Outside, Mr Navarro protested that he had been placed in handcuffs and leg irons as he was taken into custody, reports Fox News.

He said he would represent himself, because he was not willing to spend several hundred thousand dollars on legal counsel.

The former aide has already acknowledged in media interviews that he helped co-ordinate an effort - known as the "Green Bay Sweep" - to keep Mr Trump, a Republican, in power after he lost the November 2020 election to his Democratic challenger Joe Biden.

The House panel has also recommended contempt charges for Dan Scavino, a former deputy chief of staff to Mr Trump, and Mark Meadows, who was White House chief of staff.

But it emerged on Friday evening that the US Department of Justice will not act on those two referrals.

Mr Trump has urged his former associates not to co-operate with the Democratic-led investigation, deeming it politically motivated.

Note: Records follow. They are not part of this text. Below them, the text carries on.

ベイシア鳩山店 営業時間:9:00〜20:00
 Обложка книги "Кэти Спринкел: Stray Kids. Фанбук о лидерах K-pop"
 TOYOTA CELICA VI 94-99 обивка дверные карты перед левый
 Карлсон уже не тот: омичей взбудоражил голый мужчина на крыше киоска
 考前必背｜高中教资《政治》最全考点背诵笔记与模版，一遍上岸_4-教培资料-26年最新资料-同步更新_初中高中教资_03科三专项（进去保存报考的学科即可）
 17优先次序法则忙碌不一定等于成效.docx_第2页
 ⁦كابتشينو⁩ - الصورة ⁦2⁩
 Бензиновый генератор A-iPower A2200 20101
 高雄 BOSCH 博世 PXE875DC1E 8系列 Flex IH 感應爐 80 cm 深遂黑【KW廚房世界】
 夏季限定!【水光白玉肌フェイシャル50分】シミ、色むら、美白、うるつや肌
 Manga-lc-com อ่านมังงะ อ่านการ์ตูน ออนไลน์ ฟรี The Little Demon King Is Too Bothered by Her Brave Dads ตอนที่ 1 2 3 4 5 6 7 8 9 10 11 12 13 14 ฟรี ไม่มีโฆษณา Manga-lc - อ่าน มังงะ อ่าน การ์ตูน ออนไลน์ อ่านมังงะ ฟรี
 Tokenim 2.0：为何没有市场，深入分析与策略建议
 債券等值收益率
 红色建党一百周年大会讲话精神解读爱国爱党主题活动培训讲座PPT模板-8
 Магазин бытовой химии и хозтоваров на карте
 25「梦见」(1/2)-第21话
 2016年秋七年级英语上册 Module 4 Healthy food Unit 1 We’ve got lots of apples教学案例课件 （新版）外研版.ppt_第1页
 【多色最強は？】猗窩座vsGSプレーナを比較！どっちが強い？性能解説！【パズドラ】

Mr Navarro has claimed his communications with the former president were protected under the legal principle of executive privilege.

Critics of the investigation have pointed out that in 2012, former US Attorney General Eric Holder was not criminally charged after he was found in contempt of Congress for refusing to co-operate with an inquiry.

Then-President Barack Obama, a Democrat, had asserted executive privilege in that case.